Queste, in sintesi, le novità principali.

  • Fase finale a novembre in una sede unica (la prima sarà a Lilla, in Francia, nello stesso stadio che ha ospitato le finali del 2014, vinta dalla Svizzera e del 2017, vinta dalla Francia)
  • Fase preliminare a febbraio con 24 squadre che si affronteranno seguendo le regole della vecchia formula
  • Le 12 vincitrici della fase preliminare, accederanno così alla fase finale dove saranno già presenti le 4 semifinaliste dell’anno precedente oltre a 2 wild card concesse dall’ITF. Per un totale quindi di 18 squadre.
  • Le 18 squadre si affronteranno a novembre in 6 gironi da 3 squadre ciascuna, cui seguirà fase a eliminazione diretta, a cui accederanno le prime classificate di ogni girone e le due migliori seconde: quarti, semifinale e finale
  • Le squadre classificate ultima e penultima, ovvero al 17° e 18° posto, retrocederanno nei gruppi zonali tutt’ora esistenti. Mentre le altre 12 squadre piazzate tra il 16° e il 5° posto, torneranno per l’anno successivo alla fase preliminare di febbraio.
  • In termini di regole del torneo vero e proprio la fase finale si giocherà lungo il corso di un’intera settimana. Con tutte le sfide tra nazioni che si giocheranno in una sola giornata e consisteranno in due singolari e un doppio. Il tutto giocato al meglio det 3 set e secondo le regole classifiche sia per il singolare che per il doppio: quindi tie-break nel terzo set per tutti e niente killer point.

Ecco, dunque, che dopo anni di discussioni su come rivitalizzare un torneo spesso snobbato dai migliori a causa di un calendario fitto e modalità troppo lunga e probante, la riforma è servita. Con il decisivo apporto del gruppo di investimenti Kosmos, fondato e presieduto dal calciatore catalano del Barcellona Gerard Piqué e dal suo socio Hiroshi Mitikani. Dietro tutto questo, un giro d’affari da 3 miliardi di euro e la grande scommessa di riportare i big del circuito a disputare la Coppa Davis.

Come ovvio che fosse, la decisione non è passata inosservata, anzi. Le voci favorevoli e quelle critiche si moltiplicano ora dopo ora. C’è chi sostiene che la scommessa si rivelerà vincente perché effettivamente questa nuova formula (e i soldi, tanti, che ci sono dietro) attireranno i grandi tennisti, fino ad oggi molto restii e prendere parte alla competizione per nazioni. Ma c’è anche chi critica il cedimento alla regola del dio denaro che ormai la fa da padrona su tutto.
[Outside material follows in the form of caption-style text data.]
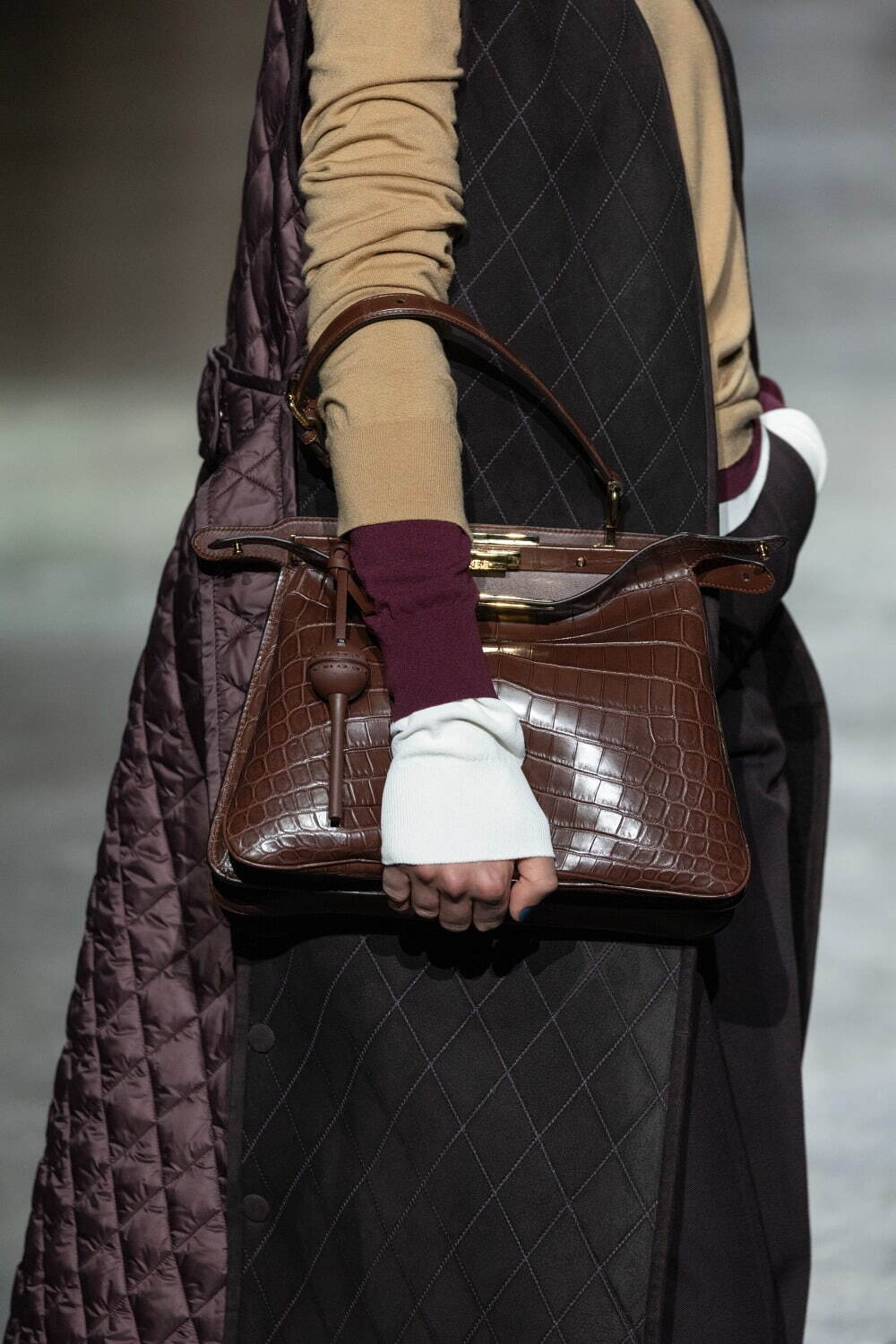 フェンディ(FENDI) 2024-25年秋冬ウィメンズコレクション  - 写真61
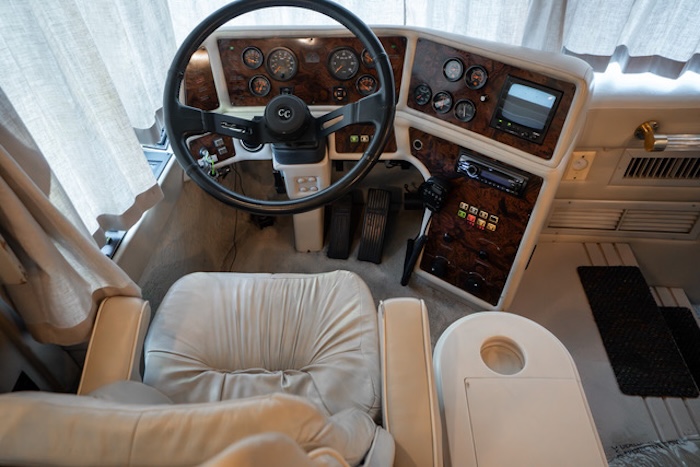 1997 Prevost Country Coach XL For Sale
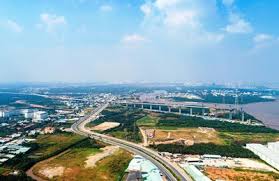 Khơi thông điểm nghẽn hạ tầng vùng kinh tế phát triển nhất cả nước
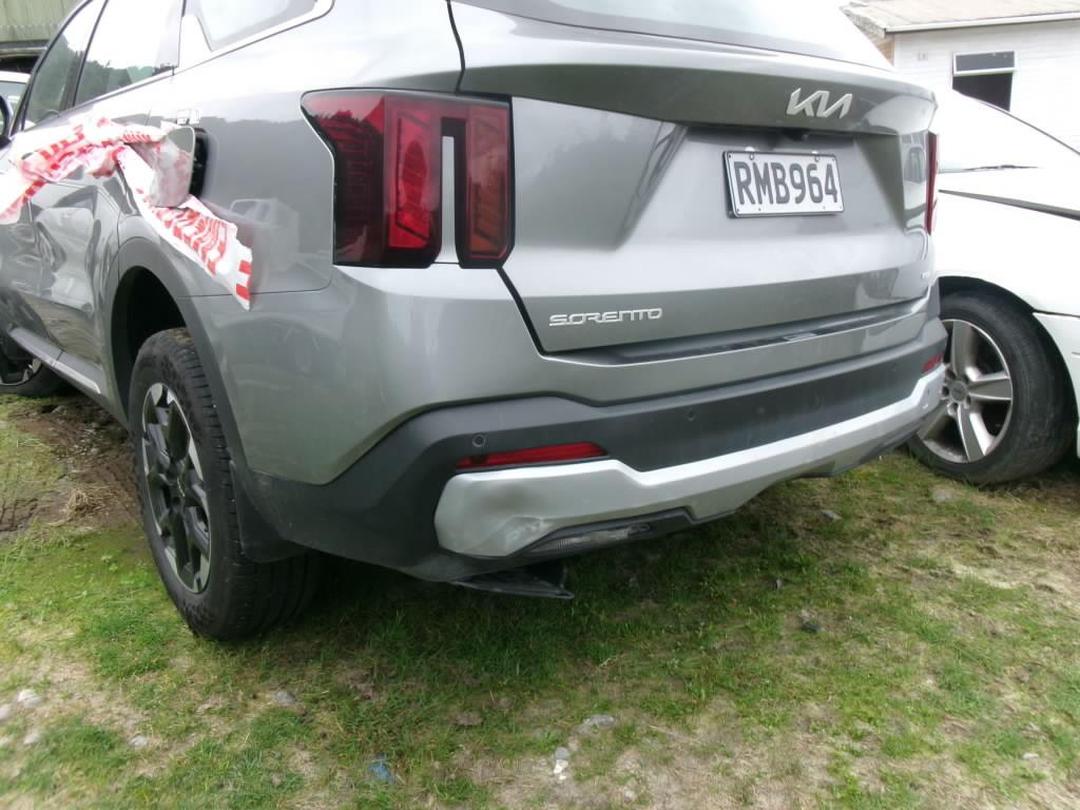 Photo '11' of KIA Sorento LX+ Photo '11' of KIA Sorento LX+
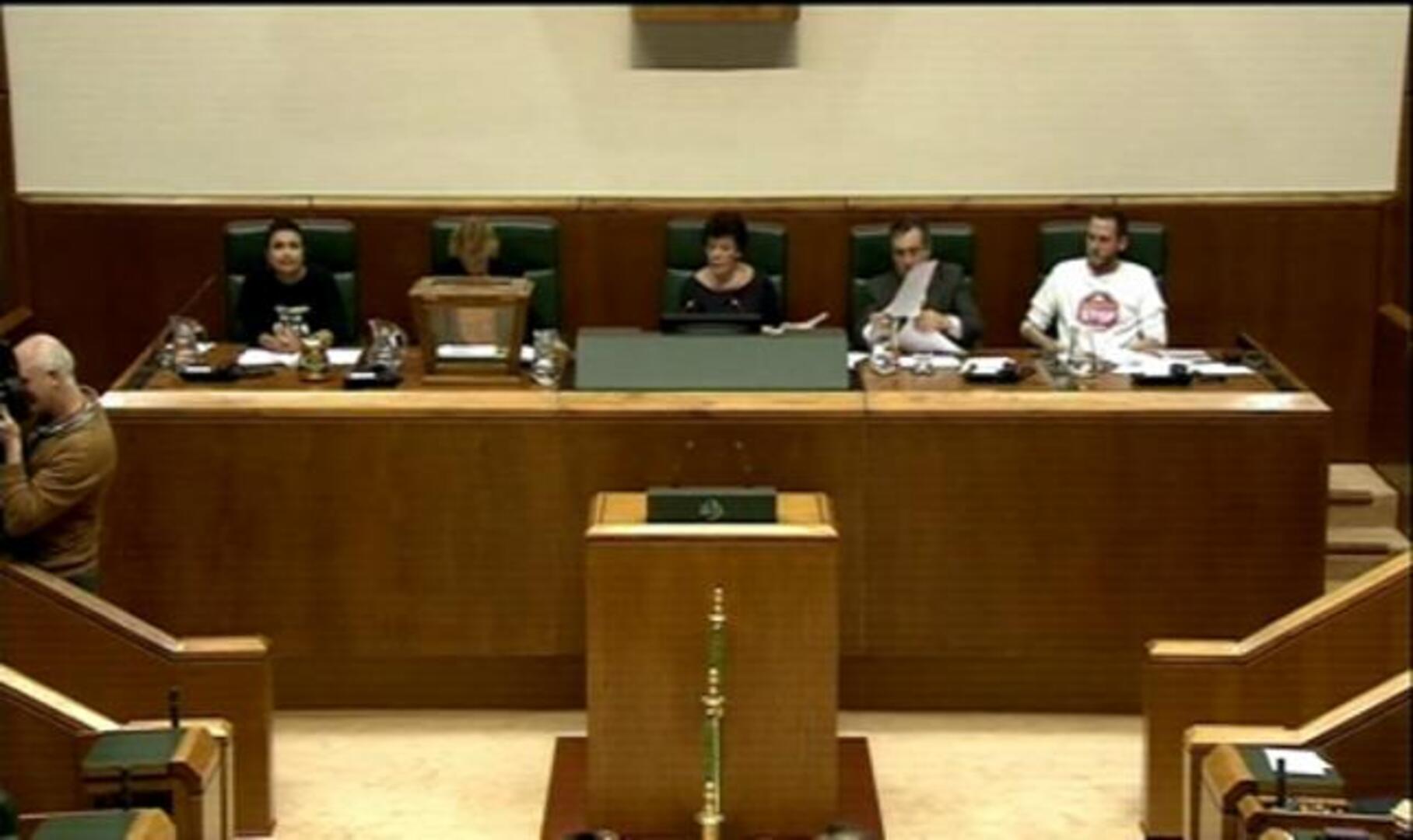 Elecciones vascas 2012: Mención a las víctimas y camisetas «prohibidas» en el nuevo Parlamento vasco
Al di là della filosofia, bisogna registrare che la nuova Coppa Davis, semplicemente, non sarà la Coppa Davis. Sarà un’altra cosa. Sicuramente molto più vendibile agli investitori, con montepremi altissimi in grado di attirare i tennisti miliardari, con prospettive enormi di ricavi dai diritti tv e dai biglietti che verranno acquistati a peso d’oro. Sarà un mondiale del tennis e vincerà la propria scommessa solo se i Federer, i Nadal e i Djokovic lo riterranno tale e non solo un’occasione per esibirsi e divertirsi.

L’epica romantica della Coppa Davis finisce. Finiscono le trasferte, le partite infinite, le superfici diverse, il pubblico amico (o nemico), lo spirito di una competizione che ha accompagnato il tennis da quasi 120 anni. Il tempo ci dirà, abbastanza presto, se è valsa la pena sacrificare un pezzo di storia del nostro sport.